Fire Prevention Funds Spent on Operations Instead, Honolulu Audit Shows
The City Council’s Budget Committee is set today to discuss an audit that showed that a Honolulu Fire Department fund to support fire prevention efforts islandwide was instead allegedly used to finance the department’s operations, staffing and new fire equipment purchases with little to no oversight.
In an audit report issued in August, the Office of the City Auditor asserts HFD’S Fire Plans Review Revolving Fund, or FPRRF—established and created via a 2012 city ordinance as a repository for fire plan review fees—does not have adequate safeguards in place, as required by city law, to prevent fraud, waste or error in the use of public funds.
By city law, the fire plans review fee is required to earmark 10 % of the building permit fee payable to the City &County of Honolulu.
In turn, those collected monies may be expended for HFD’s fire prevention activities relating to public education, fire investigations, plans checking, permit processing, fire inspections, certifications and training.
But in an Aug. 22 letter to the mayor and Council, Acting City Auditor Troy Shimasaki said his agency found that over a five-year period, from fiscal years 2020 to 2024, the fire department’s FPRRF “is not structured or administered in accordance with city ordinance requirements.”
“Ordinance 12-4 required that the city establish a revolving fund to receive and disburse fire plan review fees, ” he wrote. “Instead, the fees are deposited and managed within the city’s Special Projects Fund, which was designed for state contract revenues and does not provide the safeguards and review requirements for revolving funds.”
He added, “The Special Project Funds structure limits transparency and oversight, and leaves critical financial information—such as fund balances, revenues, expenditures, and staffing decisions—unreported to the ( City Council ).”
Shimasaki noted his office determined “HFD relies significantly on the fund to supplement its operations.”
“We found that between 12 to 19 percent of annual Fire Prevention Bureau (FPB ) spending between (fiscal years 2020 and 2024 ) was paid from the FPRRF, which occurred outside the city’s annual budget process, ” he wrote.
“During this period, HFD added unbudgeted staff and maintained between 4 and 9 staff annually, and spent nearly $1 million on unbudgeted equipment purchases without Council oversight or approval, ” he said.
He added “inconsistent accounting and the absence of clear reporting led to conflicting assessments of whether the fund operated with a surplus or deficit in multiple years.”
In a written response to the audit’s initial findings, HFD Fire Chief Sheldon K. Hao noted his department understood the use of the FPRRF. “We will continue to look inward and identify areas of improvement, celebrate our successes, and learn from our mistakes, ” he wrote in a July 25 letter to the auditor.
To that end, the audit—initiated via a Council-approved resolution in January, and performed from February to June—highlights apparent discrepancies in the use of fire plan funds, including special fund purchases in which $984, 527 in fire plan review fees paid for unbudgeted equipment purchases.
According to the audit, for fiscal years 2020 to 2024, the FPB spent $2.02 million on salary-related costs.
The audit found approximately $500, 000 in special funds were used for nonholiday overtime, including $356, 911 over the five-year period ; standby pay at $140, 567 ; and provisional costs for retirement payout of accumulated vacation pay, pegged at $2, 575.
Internal knowledge of the FPRRF—particularly over how much money was actually accounted for within the fund by HFD—was also highlighted.
The audit notes, for example, that there are two years—fiscal years 2020 and 2024, respectively—where there is disagreement between HFD and the city’s executive budget books as to whether there was an annual deficit or surplus.
“FY 2020 appears to be a nearly break-even situation when comparing accounting, ” the audit states.
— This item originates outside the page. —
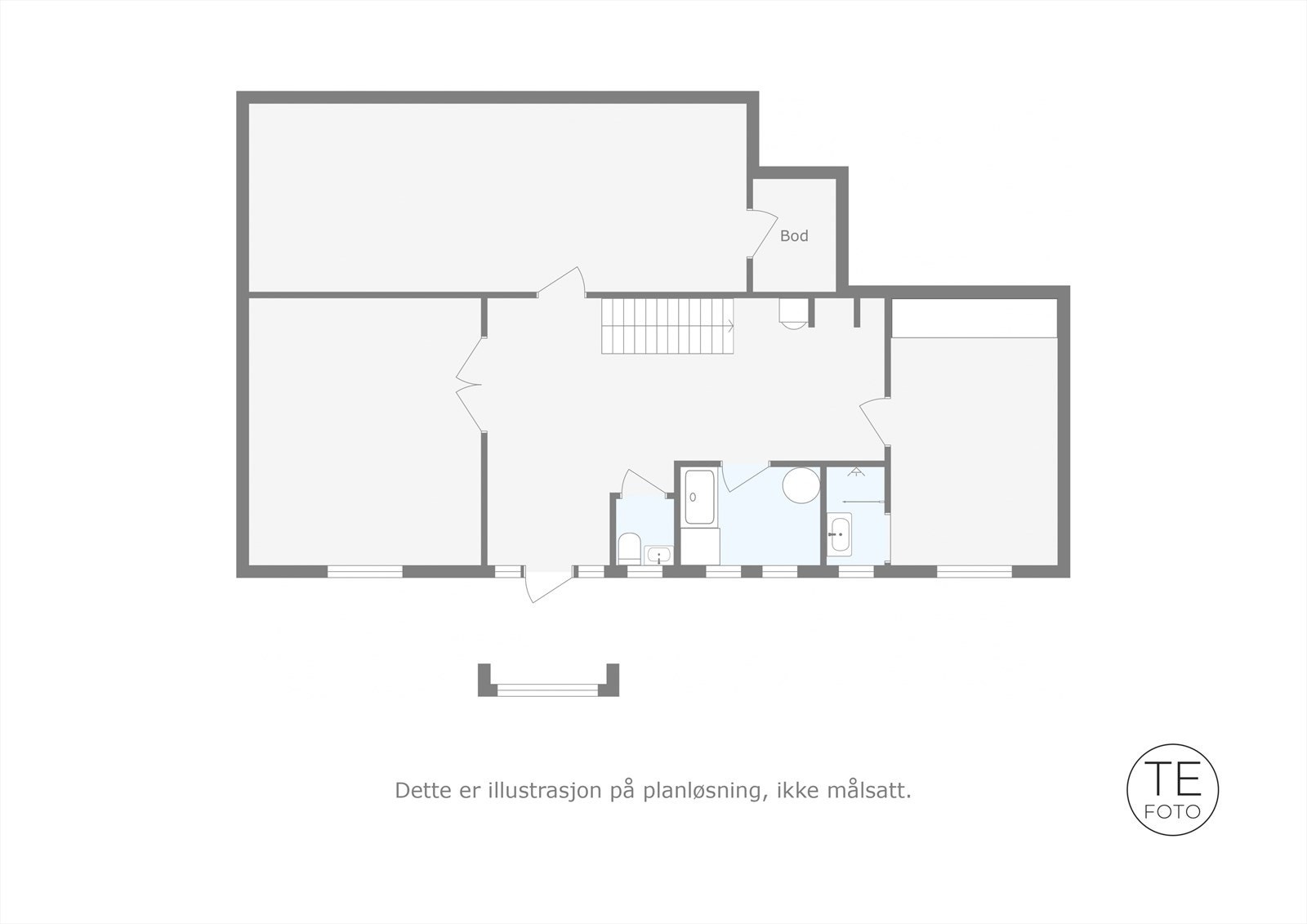 Planoversikt underetasje. Galleribilde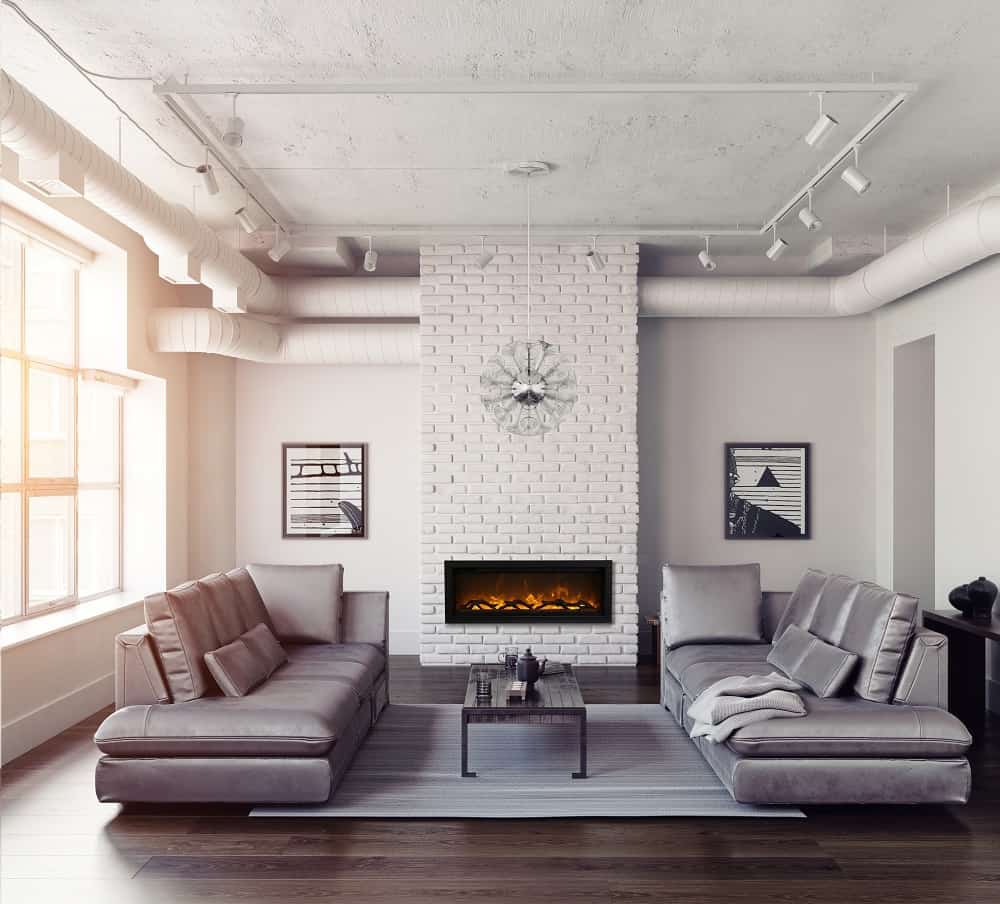 Amantii Symmetry Bespoke 42-inch Electric Fireplace SYM-42-BESPOKE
However, “FY 2024 has a huge disparity of approximately $427, 000 in whether it was a net revenue year or the largest annual deficit year in our review.”
During fiscal year 2024, the FPRRF received revenues of over $1.14 million, and spent more than $1.08 million, the audit states.
FPB, during the same time period, spent over $7.21 million—an amount comprising over $5.97 million from the city general fund and over $1.24 million in Special Project Fund monies.
In his letter, Hao said his department would “coordinate with the city Department of Budget and Fiscal Services (BFS ) on a solution to address ” FPRRF issues.
But in an Aug. 8 response to the audit, BFS Director Andy Kawano stated, in part, that although a past Council adopted Ordinance 12-4, which authorizes the establishment of the FPRRF, “prior administrations never established it.”
“While we are uncertain as to why, a supposition may be made that Ordinance 12-4 allows the funds to be automatically appropriated for the allowed use, ” he wrote.
The Council hearing is scheduled to begin at 9 a.m. at 530 S. King St.